Forum: Vue


Subject: Jungle Test Results

checkthegate opened this issue on May 22, 2008 · 50 posts


checkthegate posted Fri, 23 May 2008 at 11:07 AM

The panel trick is old school! Thats something from Eric Hansen's playbook! I love it!

I was just partial to Area lights from Maya.....(1 because they were native Mental Ray lights) (2 they were the only lights that actually resembled realworld lights...kinoflows)

I guess its stupid because Im not using Mental Ray......although I havent tried using Vue with Maya MR

My big complaint with any CG lights is they have nothing to do with real world lights......it was always some voodoo science for a lighting artists to match the lights on the DPs set.
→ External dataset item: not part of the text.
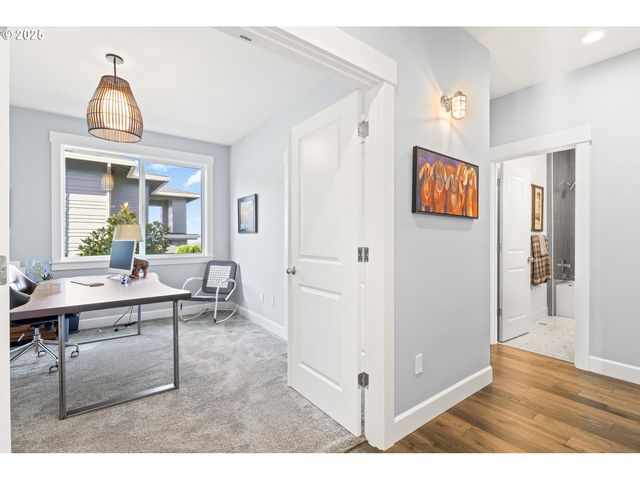 3691 Se ATHERTON Ave, Gresham, OR 97080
Then HDRIs were invented and people started paying attention to real world lighting from the set.....a buddy of mine is working on creating a whole catalogue of Mole Richardson into Mental Ray lights.....

www.mole.com/

One question why would you make the light Blue? (I assume its for bounce light in the shadow?) Alot of the bounce light from a forrest canopy would have green in it too....from all the leaves....
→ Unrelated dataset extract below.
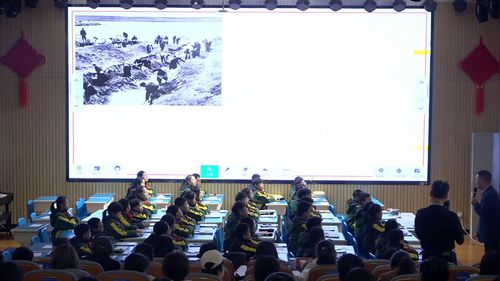 《小纸杯 大学问》人教版六上数学2025AI赋能的信息技术与数学教学深度融合赛课视频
Quote - Area lights are great for creating certain types of lighting but you do need to change the settings in Vue to get a good render with them.  They are not a good way of creating a fill light at the moment except in small scale scenes.  For a vast landscape I'd go with Chipp's suggestion of an infinite light with its power controlled by changing its colour. 

If you were working on a close up the old tricks for simulating area lights with arrays of point or spot lights work well and allow you to control the brightness.  The added bonus of that method is the render times are significantly less than an area light.  Personally I'd only ever use them when the light is visible in a render, is very close to an object that is in the render or will be reflected by an object in a render - the rest of the time an array of lights is far more efficient.